### [What is being asked]
Please copy the last part of the entries exactly: the line that has "Photo - 1520 Dorrance St" and every line up to and including the end, nothing more.

[Opening Exercise data section]

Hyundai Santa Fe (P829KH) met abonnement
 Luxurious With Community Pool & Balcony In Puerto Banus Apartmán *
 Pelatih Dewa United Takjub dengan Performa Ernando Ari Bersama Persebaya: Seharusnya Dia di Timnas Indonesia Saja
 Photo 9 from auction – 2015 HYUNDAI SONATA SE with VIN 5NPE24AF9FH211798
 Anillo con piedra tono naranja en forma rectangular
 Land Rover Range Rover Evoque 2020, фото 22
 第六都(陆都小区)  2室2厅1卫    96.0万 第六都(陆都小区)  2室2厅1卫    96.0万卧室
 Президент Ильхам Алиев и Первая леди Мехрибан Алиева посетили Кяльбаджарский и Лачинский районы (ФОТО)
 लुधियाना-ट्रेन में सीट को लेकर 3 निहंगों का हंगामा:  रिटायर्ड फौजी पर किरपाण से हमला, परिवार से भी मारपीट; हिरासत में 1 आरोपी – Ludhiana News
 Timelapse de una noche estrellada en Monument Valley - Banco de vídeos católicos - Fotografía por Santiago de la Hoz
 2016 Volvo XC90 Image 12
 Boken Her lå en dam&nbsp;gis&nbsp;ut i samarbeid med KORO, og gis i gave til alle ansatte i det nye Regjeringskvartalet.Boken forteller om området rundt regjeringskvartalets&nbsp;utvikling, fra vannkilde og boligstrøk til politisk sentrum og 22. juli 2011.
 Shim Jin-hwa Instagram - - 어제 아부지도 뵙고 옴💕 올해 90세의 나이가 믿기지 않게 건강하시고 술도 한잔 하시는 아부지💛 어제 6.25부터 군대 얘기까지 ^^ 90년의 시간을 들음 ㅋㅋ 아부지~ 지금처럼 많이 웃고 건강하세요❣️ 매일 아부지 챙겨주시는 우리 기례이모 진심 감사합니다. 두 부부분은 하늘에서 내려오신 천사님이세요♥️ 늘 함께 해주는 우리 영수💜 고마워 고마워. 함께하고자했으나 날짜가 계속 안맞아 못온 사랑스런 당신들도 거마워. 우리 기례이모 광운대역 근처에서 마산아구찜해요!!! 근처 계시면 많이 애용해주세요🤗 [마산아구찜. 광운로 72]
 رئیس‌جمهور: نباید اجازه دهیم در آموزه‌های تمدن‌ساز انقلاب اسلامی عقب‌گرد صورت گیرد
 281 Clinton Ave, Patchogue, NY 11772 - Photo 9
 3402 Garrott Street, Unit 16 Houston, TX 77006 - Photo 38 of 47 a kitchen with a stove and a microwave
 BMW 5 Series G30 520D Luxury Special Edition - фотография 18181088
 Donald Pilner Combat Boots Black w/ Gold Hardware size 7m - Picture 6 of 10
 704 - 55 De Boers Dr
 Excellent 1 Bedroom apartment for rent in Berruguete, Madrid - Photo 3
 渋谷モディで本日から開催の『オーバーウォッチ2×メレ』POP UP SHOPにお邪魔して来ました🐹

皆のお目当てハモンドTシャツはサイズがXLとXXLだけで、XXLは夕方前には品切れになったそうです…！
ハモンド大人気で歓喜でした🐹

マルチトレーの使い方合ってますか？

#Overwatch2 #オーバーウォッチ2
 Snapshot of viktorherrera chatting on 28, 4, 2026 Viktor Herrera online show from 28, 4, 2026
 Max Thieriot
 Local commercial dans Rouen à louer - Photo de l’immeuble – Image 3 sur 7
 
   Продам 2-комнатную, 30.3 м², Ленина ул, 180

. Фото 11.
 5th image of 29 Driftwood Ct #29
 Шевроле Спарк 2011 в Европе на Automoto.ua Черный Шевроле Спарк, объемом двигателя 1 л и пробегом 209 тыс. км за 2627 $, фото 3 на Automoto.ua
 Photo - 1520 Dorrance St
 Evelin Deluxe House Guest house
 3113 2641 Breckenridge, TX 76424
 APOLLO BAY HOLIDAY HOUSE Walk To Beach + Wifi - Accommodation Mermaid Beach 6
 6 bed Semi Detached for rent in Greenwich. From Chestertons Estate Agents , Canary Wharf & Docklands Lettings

[Closing Exercise data section]

### [The completed task]
 Photo - 1520 Dorrance St
 Evelin Deluxe House Guest house
 3113 2641 Breckenridge, TX 76424
 APOLLO BAY HOLIDAY HOUSE Walk To Beach + Wifi - Accommodation Mermaid Beach 6
 6 bed Semi Detached for rent in Greenwich. From Chestertons Estate Agents , Canary Wharf & Docklands Lettings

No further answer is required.